CSE 444 Homework 5

Objectives:
To be able to program database applications using Java. The application is to provide users the ability to understand the log files for web pages by providing different views over the data.
Number of points:
100
Due date:
November 22
Tools for the project
You will need your SQL Server space and Visual J++ and JDBC.
Files:
The database will consist of the log files for web pages (all of the pages that are in that directory) of people in the class and the professors of the department.

The web logs are located at \\rfilesrv2\students\rap\webfiles. If you can't read that directory, please notify me immediately. Inside that directory are a number of sub directories. Each sub directory is named with the login of the people whose files they contain. For example, you'd find my log files at \\rfilesrv2\students\rap\webfiles\rap.

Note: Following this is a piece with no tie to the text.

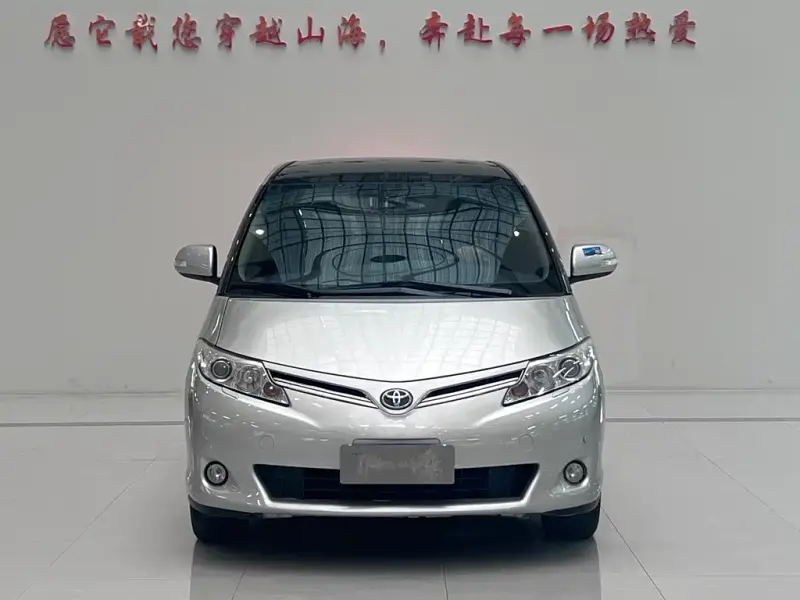 Toyota Previa, 2011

Within each person's directory, you'll find a number of files. The files are stored as monthday. So the file 926 stores all of the accesses to my pages in my web directory for the 26th of September.

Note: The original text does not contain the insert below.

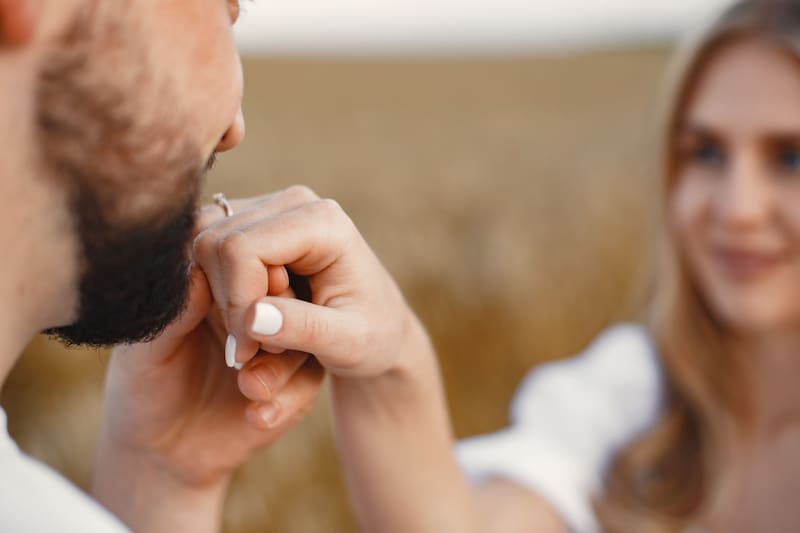 Este es el significado del anillo de promesa que se regala el 2 de noviembre. Fuente: Freepik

Each line of the file represents one access to a web page in that directory. The format of the files is as follows:

The log contains all the information that the more traditional
NCSA-style access log contains, plus trailing fields with referrer and
user agent information.

Here is the section of bauhaus:/www/apacheconf/httpd.conf that determines
the contents of the logs:

  # CustomLog formats: the first two emulate NCSA agent and referrer logs; the
  # third emulates "extended common log format".  Eventually, the first two 
  # should wither, because they are less useful than the third by itself.
  #
  # %{User-agent}i      the incoming user-agent field
  # %{Referrer}i         the incoming referrer field
  # %b                  number of bytes transfered
  # %f                  file name
  # %h                  remote host
  # %l                  remote logname
  # %u                  remote user
  # %r                  first line of request
  # %s                  status
  # %t                  time of request

Here is an example line from a log, split into one field per line:

  rem. host     199.181.178.67 
  rem. logname  - 
  rem. user     - 
  time          [28/Feb/1997:14:23:16 -0800] 
  request       "GET /homes/lopez/images-food/berry-sticker.html HTTP/1.0" 
  status        200 
  bytes         584 
  referrer       "http://www.cs.washington.edu/homes/lopez/images-food.html" 
  user agent    "Mozilla/2.0 (Win16; I)"

Unlike NCSA, each log receives exactly one line per transfer.  Thus,
the referrer_log differs from that provided by NCSA in that a line is
generated for each transfer, without regard to whether the referrer
information is available.

This means that when you're reading the file from Java, you'll want to read it a line at a time (probably using java.io.BufferedReader.readLine() where you've built your buffered reader from a FileReader) and then parse each line using Java.util.StringTokenizer.

At the beginning of the quarter I recommended that people who had web pages off of the students server turn on logging. The format of these files should be very similar, but they are described in the URL that I sent you at that point.

Homework specifications

This homework is to be done individually within your project space. Each person is responsible for looking at the log files of 3 individuals. You are responsible for reading in the data and then viewing the data. Since the data is being added to on an almost daily basis, each time your application is run, you should prompt it to get any new data that has arrived.

Reading in the data

Your data reading routine should check either the modification dates of the files to discover if new files have been added since the last time, or check the numbers on the file and discover that way. You may assume, without loss of generality, that the numbers on the file are always increasing (so after January we'll prepend something to let the database know that it's a new year). Again, the people working off of the students server have a different format (I believe that they are all added into the same file), so you'll probably just want to check the date of the access versus the last time your data was input.

Please note that this step must be done individually as designing your database will make what you do next different.

Presenting the data

Each assignment should allow the user to see the following views on the data: Each view should be selectable dynamically. So you'll want buttons or a menu of some sort to allow you to switch between the different views. As an example of what we mean, your results for the number of accesses by date would show you how many accesses occurred on each date. So your results could be a simple table in a text box like:
Date	         Number of accesses
----------------------------
10/25/1999     300
11/2/1999      500
11/3/1999      400
Note that extra cool pages (such as those with graphs, extra useful views on the data, etc) can earn up to 20 points of extra credit.

What to turn in:

Rating the assignment

  1. How long did it take you to complete this assignment?
  2. What did you like the best about this assignment?
  3. What did you like the least about this assignment?
  4. What helped you learn the best in this assignment?